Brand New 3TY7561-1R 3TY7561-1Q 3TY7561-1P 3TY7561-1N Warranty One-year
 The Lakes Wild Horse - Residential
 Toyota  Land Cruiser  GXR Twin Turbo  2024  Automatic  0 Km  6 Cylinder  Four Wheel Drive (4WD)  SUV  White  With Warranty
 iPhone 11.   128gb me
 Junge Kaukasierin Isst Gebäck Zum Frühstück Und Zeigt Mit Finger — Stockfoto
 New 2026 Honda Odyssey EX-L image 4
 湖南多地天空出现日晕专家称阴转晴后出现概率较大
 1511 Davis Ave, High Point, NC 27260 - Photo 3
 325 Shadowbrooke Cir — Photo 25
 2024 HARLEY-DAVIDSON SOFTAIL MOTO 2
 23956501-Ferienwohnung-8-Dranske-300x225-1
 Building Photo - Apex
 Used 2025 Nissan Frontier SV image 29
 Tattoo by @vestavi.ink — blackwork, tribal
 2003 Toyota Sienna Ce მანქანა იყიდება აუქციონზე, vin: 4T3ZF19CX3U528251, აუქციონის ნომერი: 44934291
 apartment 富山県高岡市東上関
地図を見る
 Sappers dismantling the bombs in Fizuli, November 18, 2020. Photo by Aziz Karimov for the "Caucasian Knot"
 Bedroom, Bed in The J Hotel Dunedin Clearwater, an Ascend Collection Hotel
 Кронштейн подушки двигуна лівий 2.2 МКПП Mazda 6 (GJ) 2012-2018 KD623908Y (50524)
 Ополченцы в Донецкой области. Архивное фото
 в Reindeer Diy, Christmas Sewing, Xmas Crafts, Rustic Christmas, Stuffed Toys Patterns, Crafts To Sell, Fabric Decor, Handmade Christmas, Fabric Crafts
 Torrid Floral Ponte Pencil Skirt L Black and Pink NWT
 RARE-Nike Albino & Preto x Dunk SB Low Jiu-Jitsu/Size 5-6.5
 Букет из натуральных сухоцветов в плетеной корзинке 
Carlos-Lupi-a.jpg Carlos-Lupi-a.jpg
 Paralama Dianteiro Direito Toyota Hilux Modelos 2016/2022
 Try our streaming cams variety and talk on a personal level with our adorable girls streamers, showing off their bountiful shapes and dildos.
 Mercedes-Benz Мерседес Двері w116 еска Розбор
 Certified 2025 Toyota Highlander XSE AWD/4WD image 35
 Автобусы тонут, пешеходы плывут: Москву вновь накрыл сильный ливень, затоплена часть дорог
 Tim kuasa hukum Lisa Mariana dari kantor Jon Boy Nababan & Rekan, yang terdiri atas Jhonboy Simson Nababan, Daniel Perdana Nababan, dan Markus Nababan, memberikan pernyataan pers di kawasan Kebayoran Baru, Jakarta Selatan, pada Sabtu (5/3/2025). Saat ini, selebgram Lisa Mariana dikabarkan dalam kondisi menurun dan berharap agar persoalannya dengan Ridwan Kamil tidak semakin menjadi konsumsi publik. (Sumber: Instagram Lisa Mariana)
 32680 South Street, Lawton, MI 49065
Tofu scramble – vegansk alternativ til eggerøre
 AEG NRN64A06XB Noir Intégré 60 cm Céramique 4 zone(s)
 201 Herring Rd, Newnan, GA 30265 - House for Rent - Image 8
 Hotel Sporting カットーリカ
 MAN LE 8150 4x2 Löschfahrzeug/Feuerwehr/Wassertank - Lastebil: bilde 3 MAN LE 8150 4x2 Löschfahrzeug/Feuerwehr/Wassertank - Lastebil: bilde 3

════════════════

Aim of the exercise
Take the line above containing "23956501-Ferienwohnung-8-Dranske-300x225-1", the line containing "Torrid Floral Ponte", and all lines in between, and copy them exactly without anything else.

Response
 23956501-Ferienwohnung-8-Dranske-300x225-1
 Building Photo - Apex
 Used 2025 Nissan Frontier SV image 29
 Tattoo by @vestavi.ink — blackwork, tribal
 2003 Toyota Sienna Ce მანქანა იყიდება აუქციონზე, vin: 4T3ZF19CX3U528251, აუქციონის ნომერი: 44934291
 apartment 富山県高岡市東上関
地図を見る
 Sappers dismantling the bombs in Fizuli, November 18, 2020. Photo by Aziz Karimov for the "Caucasian Knot"
 Bedroom, Bed in The J Hotel Dunedin Clearwater, an Ascend Collection Hotel
 Кронштейн подушки двигуна лівий 2.2 МКПП Mazda 6 (GJ) 2012-2018 KD623908Y (50524)
 Ополченцы в Донецкой области. Архивное фото
 в Reindeer Diy, Christmas Sewing, Xmas Crafts, Rustic Christmas, Stuffed Toys Patterns, Crafts To Sell, Fabric Decor, Handmade Christmas, Fabric Crafts
 Torrid Floral Ponte Pencil Skirt L Black and Pink NWT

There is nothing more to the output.